To know a lot about mistakes at the experiential level is to have lived. To know about mistakes from observation is recognizing but not feeling the pain often associated with the mistake.
At a Little League game years ago the fans were outraged at the manner in which a father treated his son after the son had ran past another child on base in front of him. I’m certain the boy, now probably a father has never really got over the embarrassment heaped upon him by his dad. Later that week the World Series was played and wouldn’t you know it, a team had two runners on base, the batter hit a good shot in the gap and one of the runners got so excited he passed the runner in front of him, essentially making the effort of all three players of non-effect!
The Little Leaguer made a mistake of ignorance. The Major Leaguer a mistake of emotion.
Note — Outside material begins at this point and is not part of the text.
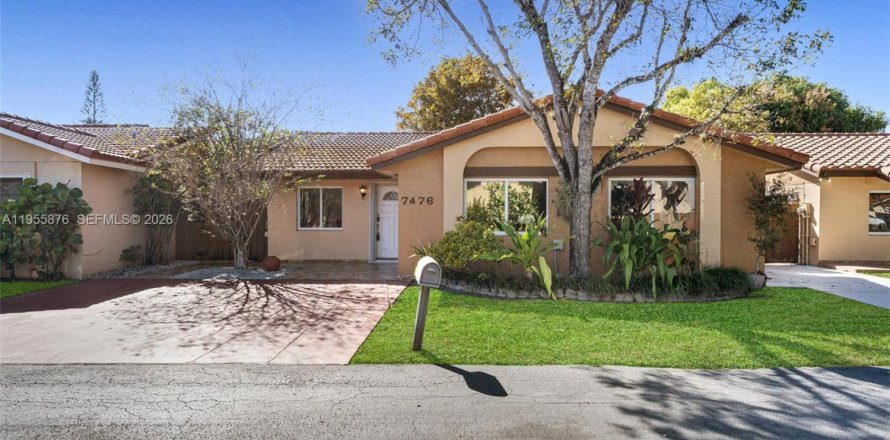 House in Miami, Florida 4 bedrooms, 141.21 sq.m. № 2009955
Sometimes we make a mistake of choice. We choose to cut a corner or any number of disastrous choices and call it a mistake all the while knowing we chose to go against the rule concerning such choices. Sin, is the more correct word. Sins can be forgiven. But mistakes and sins have a lot in common. They seem to occur over and over again. Why? It’s simple:
“Mistakes should be examined, learned from, and discarded; not dwelled upon and stored.” Tim Fargo,
That we should learn from mistakes and sins is laid before us in the bulk of all literature, ancient and modern, both religious and secular. Learn from your mistakes, your missteps and your outright sins. I heard a man talk about David’s mistake with Bathsheba. I took issue with the downplaying of David’s sin, though I confess “mistake” sounds more palatable in today’s world. Yet David cried, “My Sin is ever before me.” David’s mistake in his dealing with his sin was dwelling on it, rather than confessing it, forsaking it and permitting it to get out of his mind, as according to scripture it was out of God’s memory.
The writer of Hebrews puts it like this: “For I will be merciful to their unrighteousness, and their sins and their lawless deeds I will remember no more.” Hebrews 8:12.
Examine, learn from and discard your sins and your mistakes and to use the overused phrase, go forward. Once mistakes and sins are wiped away by the Blood of Christ, constantly dwelling on them only brings unnecessary emotional pain. Christ sets us free to serve and enjoy Him, having been pronounced clean by Him.